In occasione di una nuova uscita estiva in sala di Agadah, abbiamo incontrato il regista e sceneggiatore Alberto Rondalli per parlare del suo peculiare film, liberamente ispirato da Manoscritto trovato a Saragozza di Jan Potocki
Come si inserisce il suo film in una cornice come il biografilm Festival?
Credo che Agadah possa essere inteso come un film biografico. Il libro da cui è tratto, Manoscritto trovato a Saragozza, è un percorso “di pensiero” che fa il suo autore, il quale mette in scena se stesso e la sua biografia. Jan Potocki nasce intellettuale illuminista e ligio ai doveri scientifici e razionali, per poi diventare un autore e uno studioso di esoterismo e cabalistica. La sua vita finì con un suicidio spettacolare, tipico di un romantico più che di un illuminista. Jan ( Potocki morì nel 1815, poco più che cinquantenne, sparandosi con un proiettile che aveva ricavato da una fragola d’argento incastonata in una teiera ndr )
Probabilmente il suo suicidio è “nascosto” dietro al personaggio di Diego Arvas, uno scrittore che cerca di racchiudere in cento libri tutte le scienze umane. Il fatto che il libro gli verrà mangiato dai topi lo porterà al suicidio. Potocki si accorse che il suo immane sforzo non aveva portato a niente.
In un libro gigantesco come il Manuale, come ha lavorato in fase di sceneggiatura?
Ho scelto storie in relazione ad un aspetto del romanzo: la poliedricità. Volevo che nel film vi fosse la stessa varietà di generi e toni che accompagna il romanzo, selezionando racconti che variassero dall’esoterismo all’erotismo, dalla cabalistica al realismo. In secondo luogo ho scelto una serie di storie che in qualche modo avessero come tema comune l’evoluzione. Ciò che vive il protagonista è in tutto e per tutto una storia di formazione, un viaggio iniziatico nel quale crescerà imbattendosi in diverse avventure. Inoltre, ho cercato di mantenere il tono ironico che pervade tutto il romanzo. Questo si vede in particolare nel segmento del matematico che cerca di raccontare la scienza con i sentimenti.
Come ha il scelto il protagonista, Nahuel Perez?
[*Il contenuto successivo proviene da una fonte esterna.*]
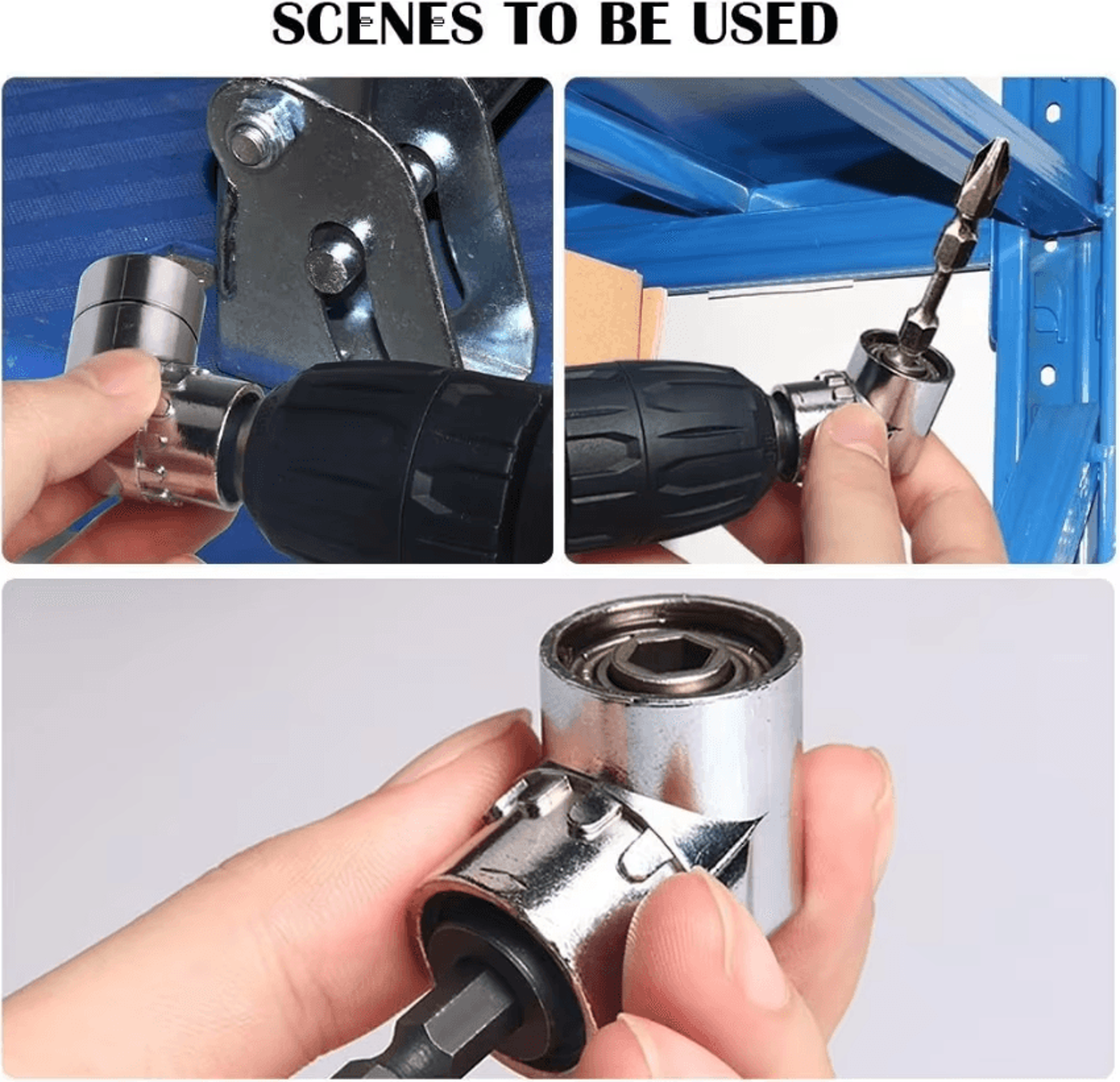Impact Grade 105 Angle Socket Adapter Set  Power Tool Driver Extension  Screwdriver Holder 3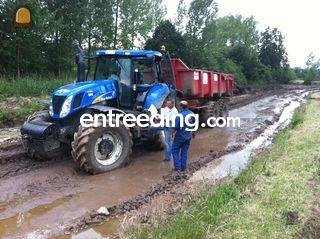 Traktor met dumper Omgeving Antwerpen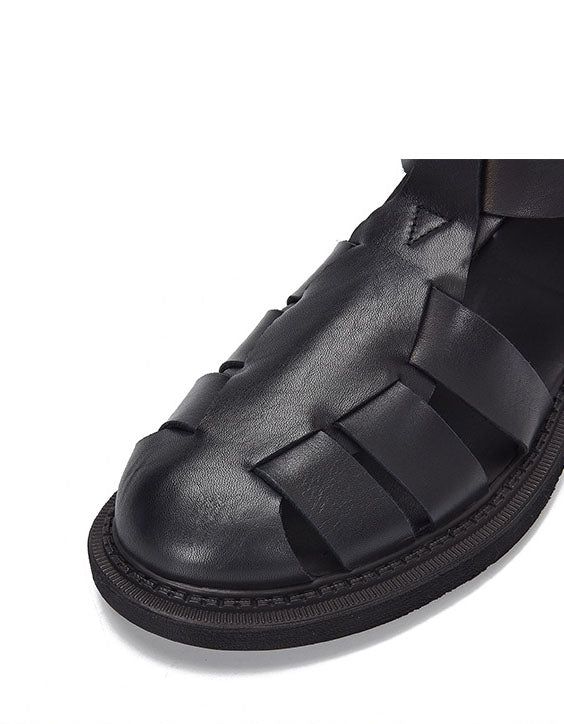 Handmade Vintage Roma Style Mid-Calf Sandals - Image 6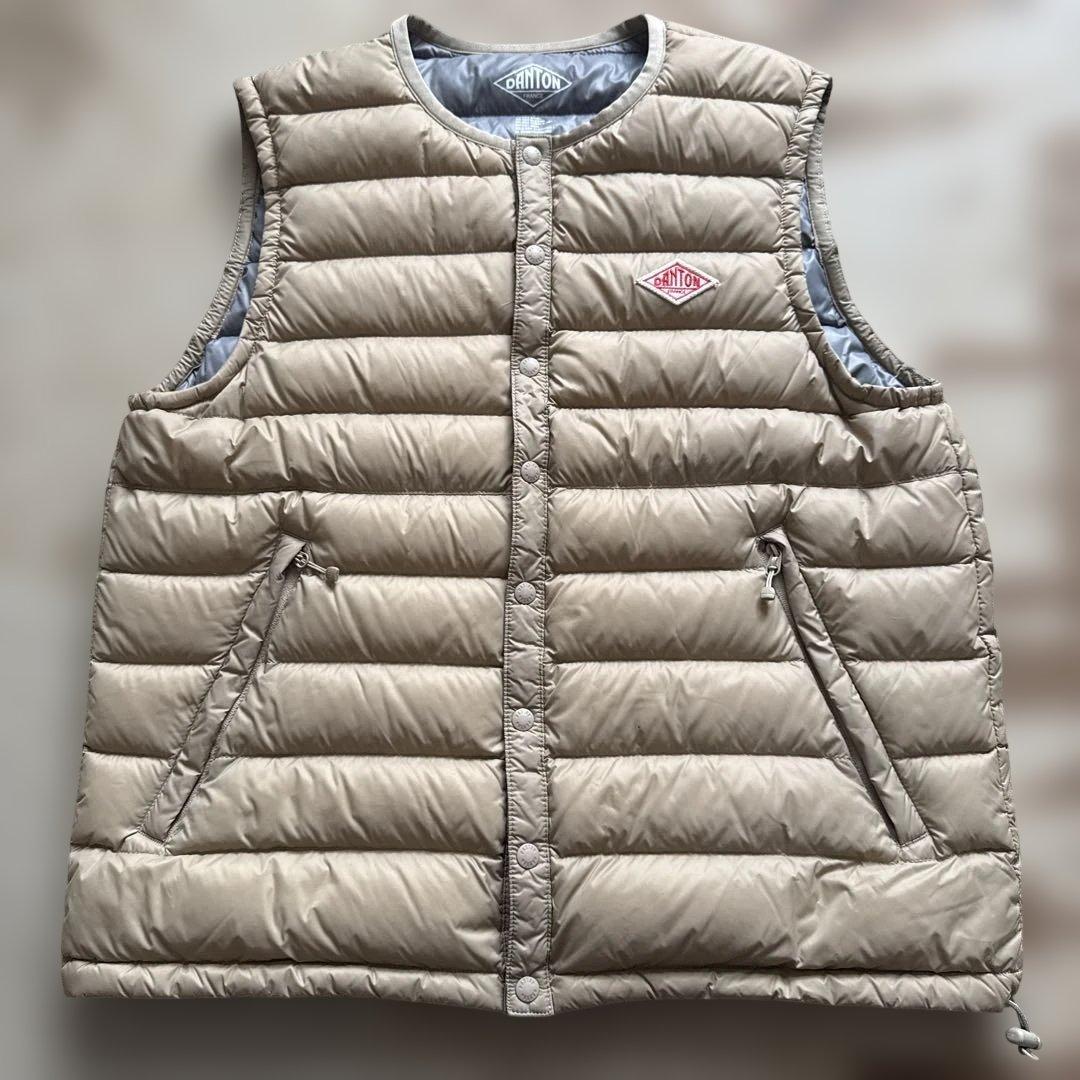 DANTON　 ダントン　ベージュ　インナーダウンベスト 36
Abbiamo girato il film prima che Nahuel recitasse in 120 battiti al minuto (film di Robin Campillo presentato a Cannes nel 2017) e quindi ancora non lo conoscevo come attore. Nel romanzo il personaggio di Alfonso, nonostante sia un adulto, viene descritto come un adolescente imberbe. Guardando le foto degli attori che mi avevano gli agenti ho subito notato Nahuel, l’abbiamo provinato ed era perfetto per la parte.
Credo inoltre che Alfonso sia Don Chisciotte prima di realizzare di esserlo. Il legame per me è chiarissimo, anche se non l’ho messo in rilievo. L’arrivo di Alfonso alla fattoria è parente di quello di Don Chisciotte alle locanda.
Spesso nel suo film uso lo scavalcamento di campo e le carrellate. Per quale motivo ha adottato uno stile così ricercato?
Credo che attualmente stiamo usando il 5% delle potenzialità del cinema. Non parlo in termini tecnologici, ma puramente stilistici. Per questo mi piace sperimentare con movimenti di macchina elaborati e fuori dal normale. Inoltre, volevo restituire il gusto barocco del romanzo e dei suoi luoghi.
Inoltre, penso che il cinema si stia attenendo eccessivamente a certi crismi e a certi dettami televisivi dai quali deve uscire. Fare un film significa avere tante possibilità espressive.